1-Quel homme illustre la statue représente-t-elle ?


Indices :
Ce personnage historique, comme cela a été dit dans l’intitulé a connu l’exil politique.
Ce n’est pas Michel Pacha mais les deux familles étaient liées…
Le fils de ce personnage vint souvent franchir le portail aux deux lions blancs à Tamaris…
Son nom a donné naissance à des adjectifs, l’un plutôt flatteur (stylé,emphatique), l’autre plus péjoratif (lourd, excessif,ampoulé) et à un substantif caractérisant un style littéraire pompeux.

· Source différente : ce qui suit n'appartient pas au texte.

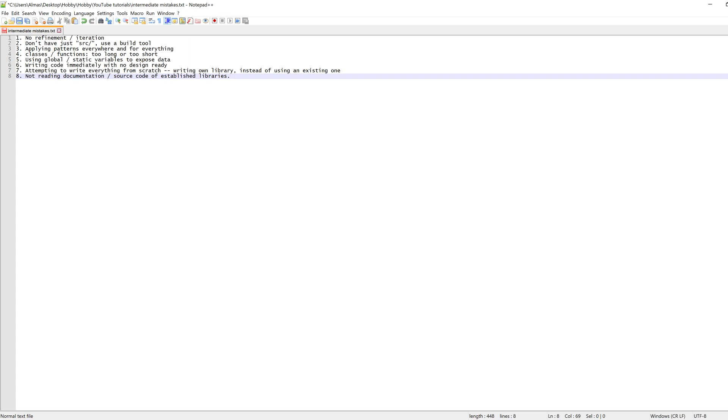Item seven is attempting to write everything from scratch. There exist libraries for pretty much everything nowadays. See if you can find one that covers your use case. If it doesn't cover it fully, then go with your own solution. If the library is too complex to understand quickly, go with your solution. And in all other cases, prefer to use a library.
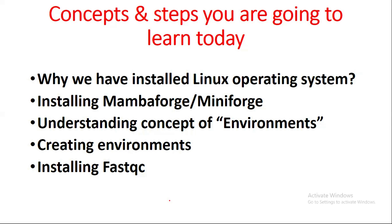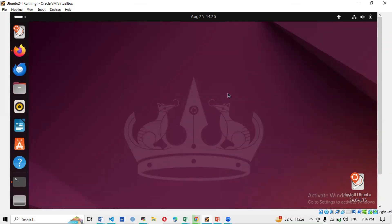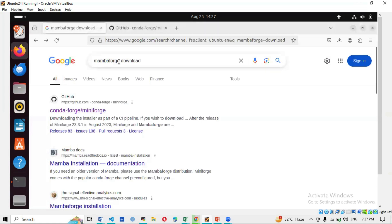Let's start the practical. First we'll install Mambaforge/Miniforge, then deal with environments and creating environments. This is the interface of our Linux operating system. To begin the installation of Mambaforge/Miniforge — these are softwares produced by the conda/miniconda project. After installing this, we install tools inside Mamba and then proceed with data analysis.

Curieusement ces termes qui définissaient l’homme déjà de son vivant sont actuellement encore usités.

Cette magnifique statuette fut offerte à une personnalité seynoise, un cadeau hautement symbolique… 

2-Quelle est l’année de cet évènement ?

Cette année là…

Onze ans que La Seyne ne fait plus partie du Canton d’Ollioules mais a accédé elle aussi à ce statut associée à Six-Fours.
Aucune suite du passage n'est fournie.